# Exercise inputs
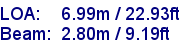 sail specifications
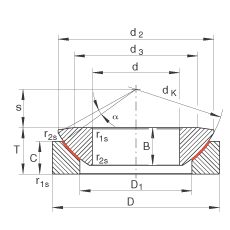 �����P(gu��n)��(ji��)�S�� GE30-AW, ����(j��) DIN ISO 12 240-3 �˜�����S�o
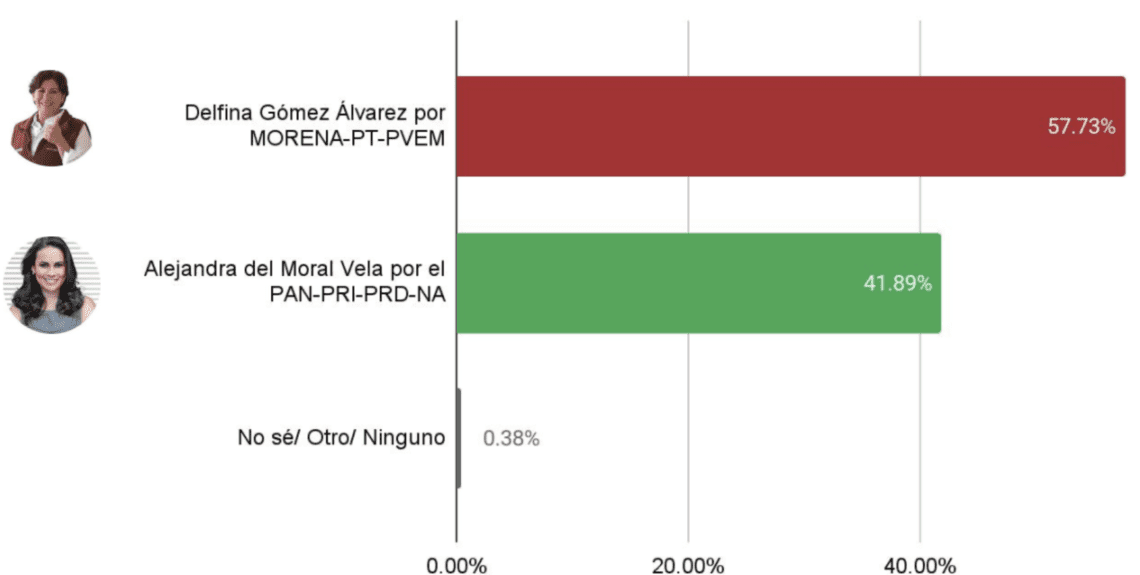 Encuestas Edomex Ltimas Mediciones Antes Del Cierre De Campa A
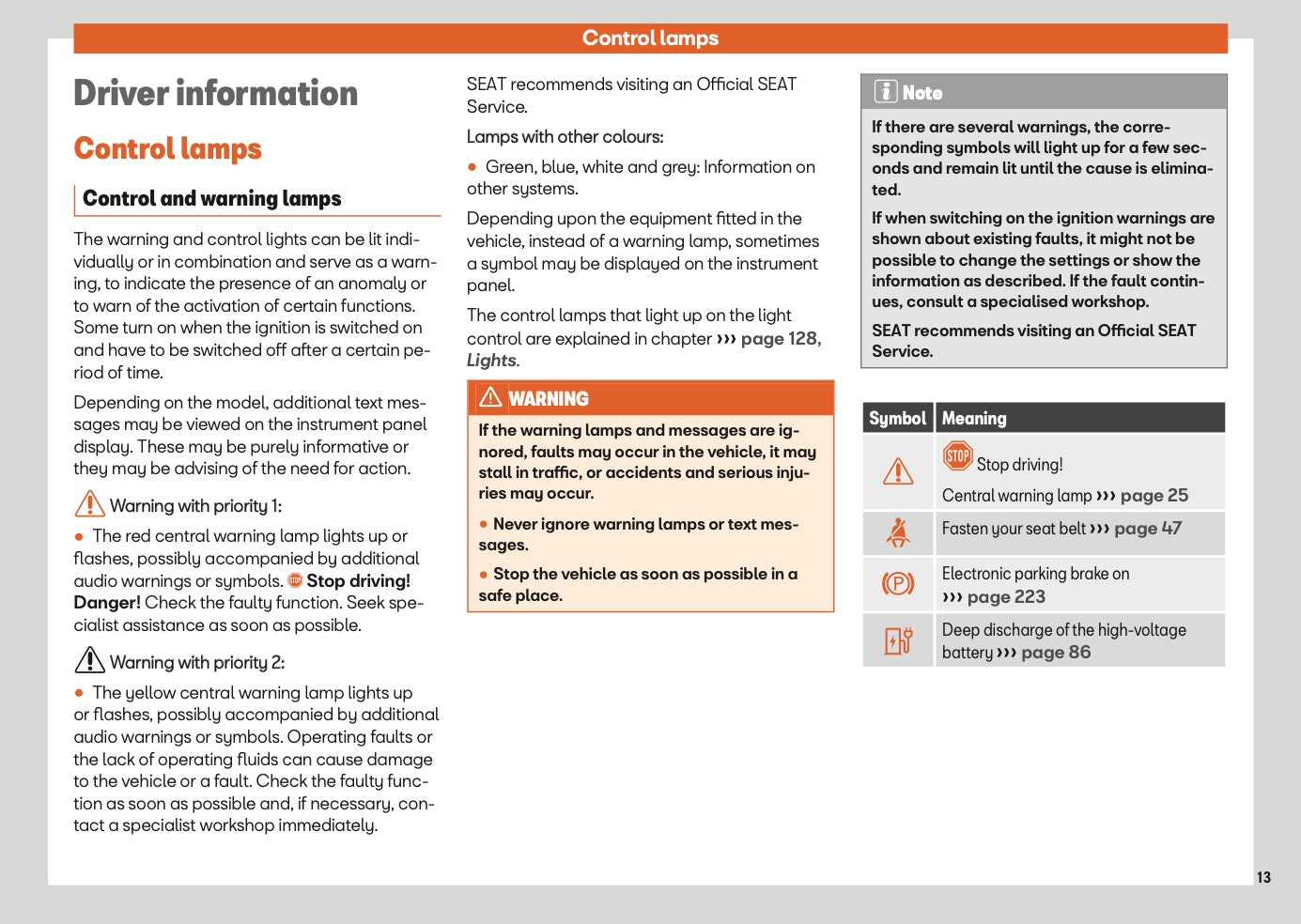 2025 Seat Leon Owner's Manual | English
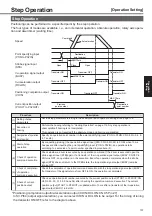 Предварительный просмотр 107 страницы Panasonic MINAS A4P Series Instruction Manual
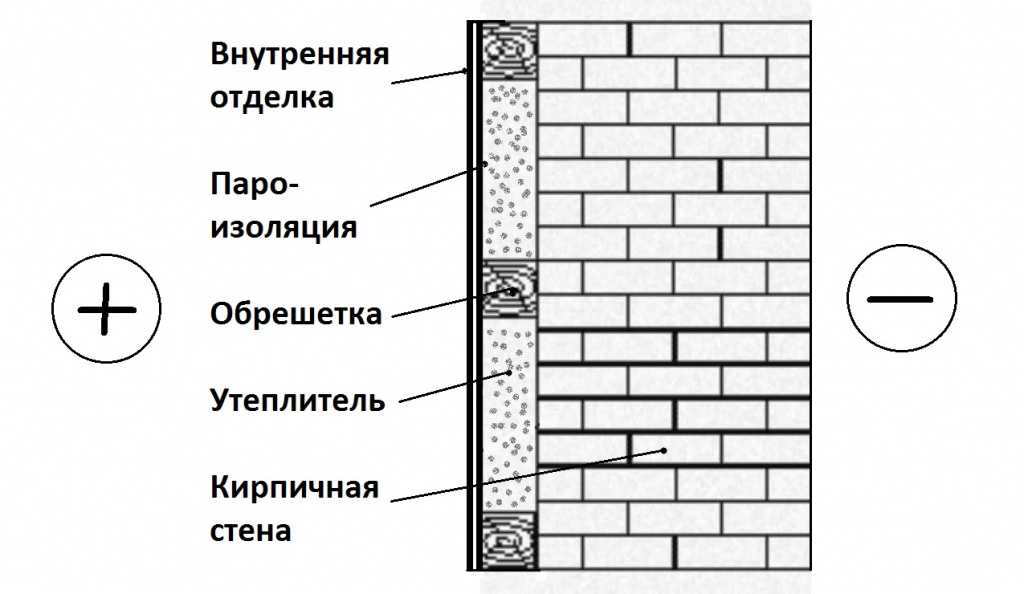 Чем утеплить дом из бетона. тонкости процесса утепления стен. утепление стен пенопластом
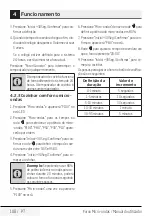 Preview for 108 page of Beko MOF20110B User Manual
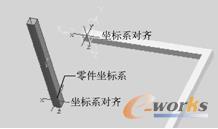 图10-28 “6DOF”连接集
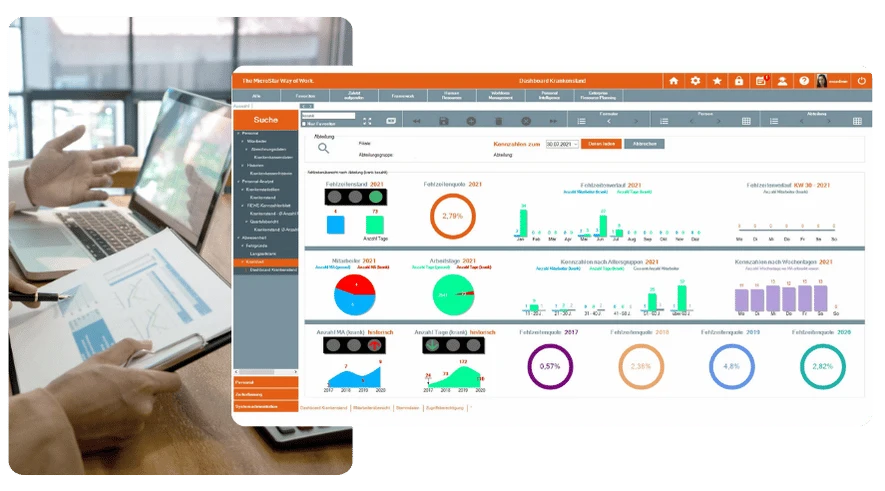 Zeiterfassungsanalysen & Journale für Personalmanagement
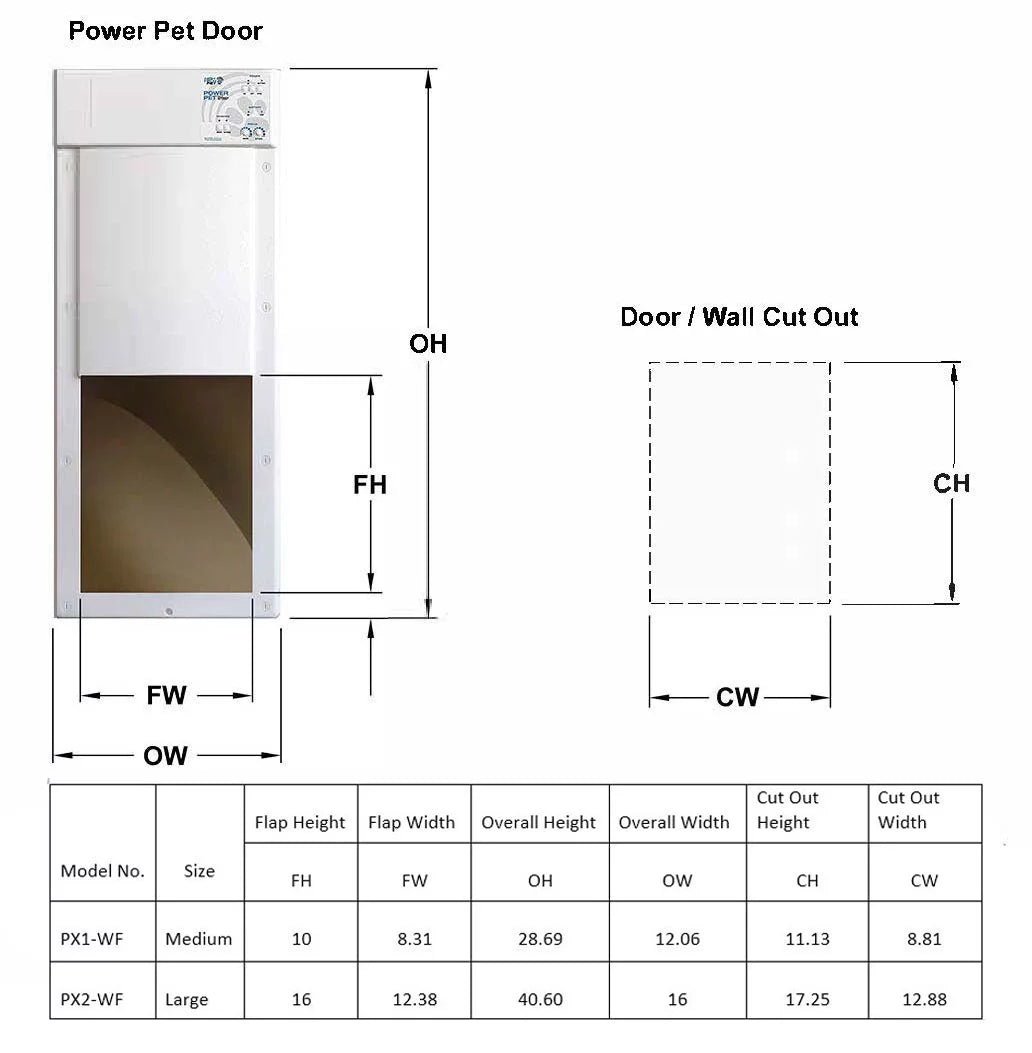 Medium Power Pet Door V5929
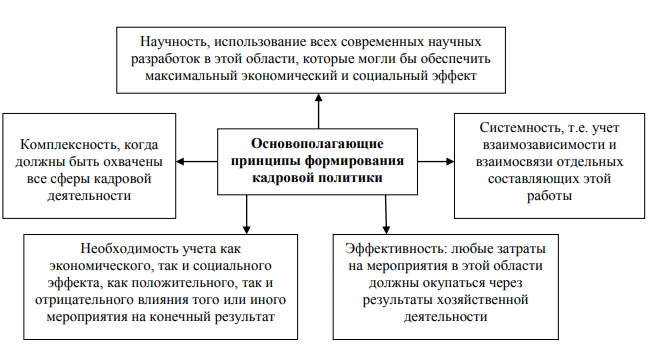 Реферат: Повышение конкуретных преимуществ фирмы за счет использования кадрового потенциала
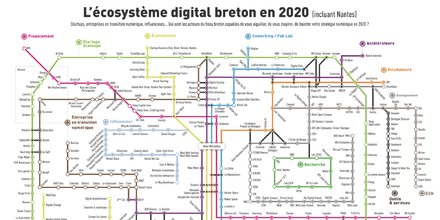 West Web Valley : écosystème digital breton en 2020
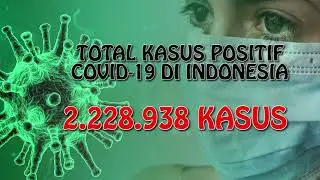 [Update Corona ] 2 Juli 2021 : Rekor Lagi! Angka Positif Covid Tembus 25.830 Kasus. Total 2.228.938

# How to complete this task
Please repeat every line of the material above exactly and without its pictures.

# Answer
 sail specifications
 �����P(gu��n)��(ji��)�S�� GE30-AW, ����(j��) DIN ISO 12 240-3 �˜�����S�o
 Encuestas Edomex Ltimas Mediciones Antes Del Cierre De Campa A
 2025 Seat Leon Owner's Manual | English
 Предварительный просмотр 107 страницы Panasonic MINAS A4P Series Instruction Manual
 Чем утеплить дом из бетона. тонкости процесса утепления стен. утепление стен пенопластом
 Preview for 108 page of Beko MOF20110B User Manual
 图10-28 “6DOF”连接集
 Zeiterfassungsanalysen & Journale für Personalmanagement
 Medium Power Pet Door V5929
 Реферат: Повышение конкуретных преимуществ фирмы за счет использования кадрового потенциала
 West Web Valley : écosystème digital breton en 2020
 [Update Corona ] 2 Juli 2021 : Rekor Lagi! Angka Positif Covid Tembus 25.830 Kasus. Total 2.228.938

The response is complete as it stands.